(Captioned web images)
------------

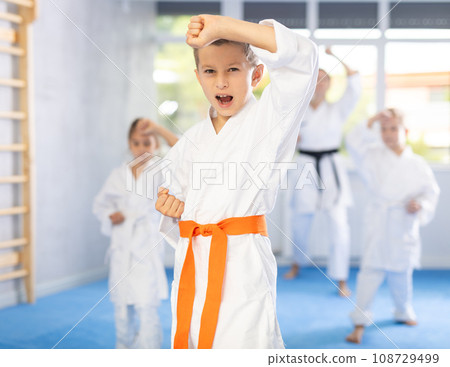 Kids during karate training. Martial arts. Active lifestyle concept Kids during karate training. Martial arts. Active lifestyle concept 108729499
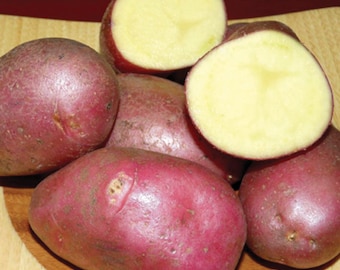 Sementes de BATATA VIRGO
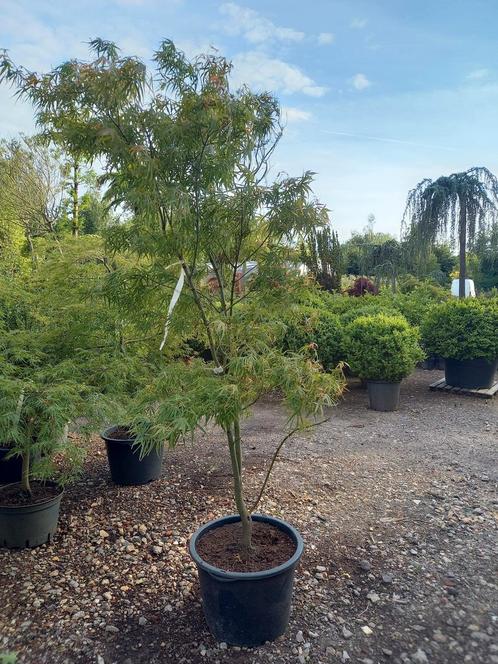 Acer palmatum Koto no. ito Japanse esdoorn, Tuin en Terras, Planten | Bomen, Ophalen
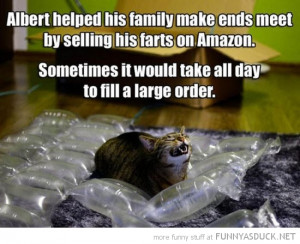 funny cats that fart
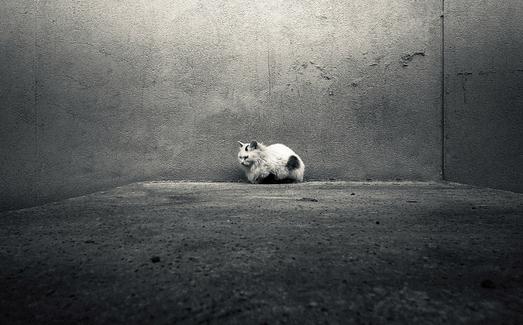 如何与自闭症儿童沟通？-很美的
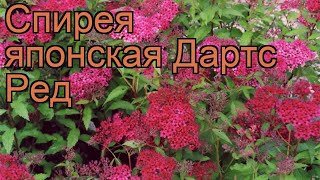 Спирея японская Дартс Ред (dart's red) ? обзор: как сажать, саженцы спиреи Дартс Ред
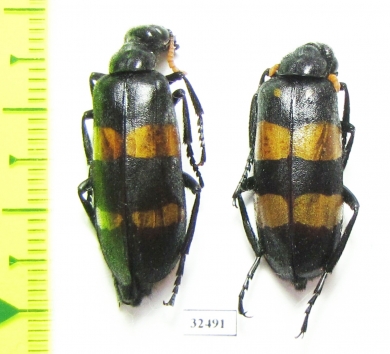 Meloidae sp.  South Africa Rep. - INSECTS-STORE.RU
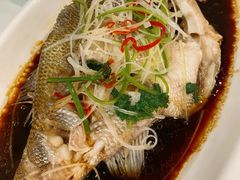 -大鸭梨烤鸭店(古城店)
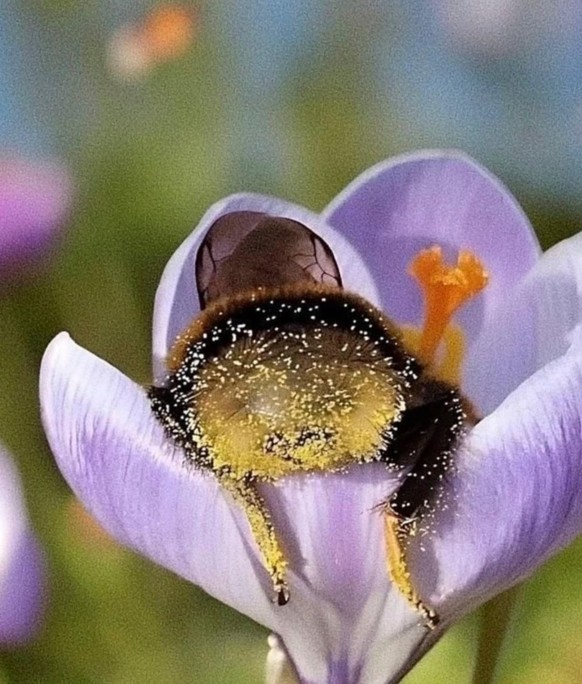 cute news tier hummeln

https://www.reddit.com/r/woahdude/comments/1n34kdp/bees_often_fall_asleep_in_flowers_when_they_get/
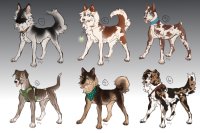 canine adopts [5/6 open]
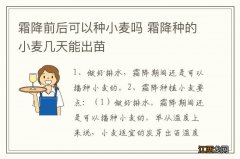 霜降前后可以种小麦吗 霜降种的小麦几天能出苗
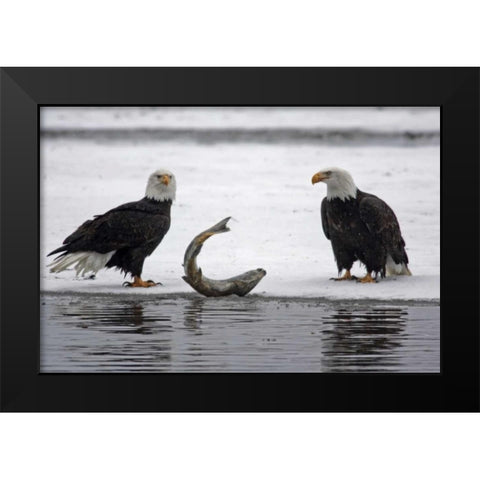 AK, Chilkat Pair of bald eagles waiting to feed Black Modern Wood Framed Art Print by Illg, Cathy and Gordon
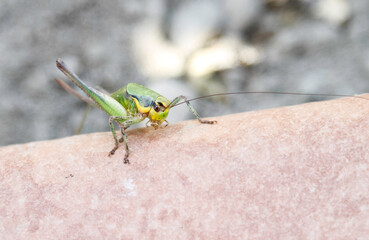 A close-up of a green grasshopper with a yellow stripe on a light-colored, human skin surface.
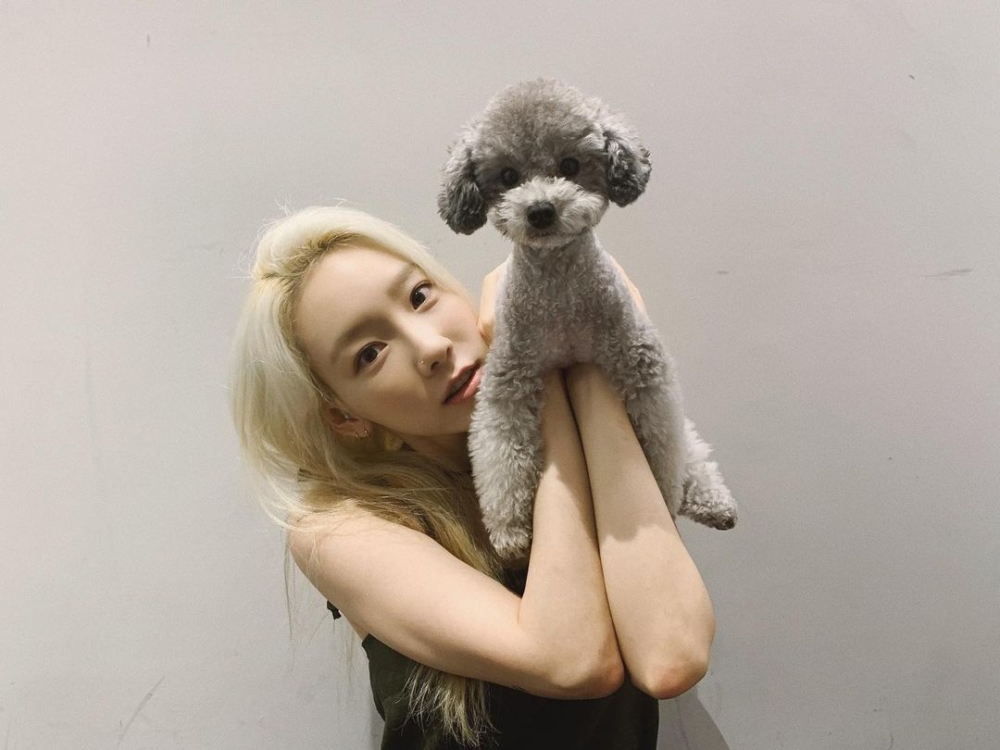 金太妍與「Zero」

------------

The task: Make an exact copy of the lines above, starting at the line that contains "Спирея японская Дартс" and running through the final line of the entries. Omit the pictures.

Result of the exercise:
 Спирея японская Дартс Ред (dart's red) ? обзор: как сажать, саженцы спиреи Дартс Ред
 Meloidae sp.  South Africa Rep. - INSECTS-STORE.RU
 -大鸭梨烤鸭店(古城店)
 cute news tier hummeln

https://www.reddit.com/r/woahdude/comments/1n34kdp/bees_often_fall_asleep_in_flowers_when_they_get/
 canine adopts [5/6 open]
 霜降前后可以种小麦吗 霜降种的小麦几天能出苗
 AK, Chilkat Pair of bald eagles waiting to feed Black Modern Wood Framed Art Print by Illg, Cathy and Gordon
 A close-up of a green grasshopper with a yellow stripe on a light-colored, human skin surface.
 金太妍與「Zero」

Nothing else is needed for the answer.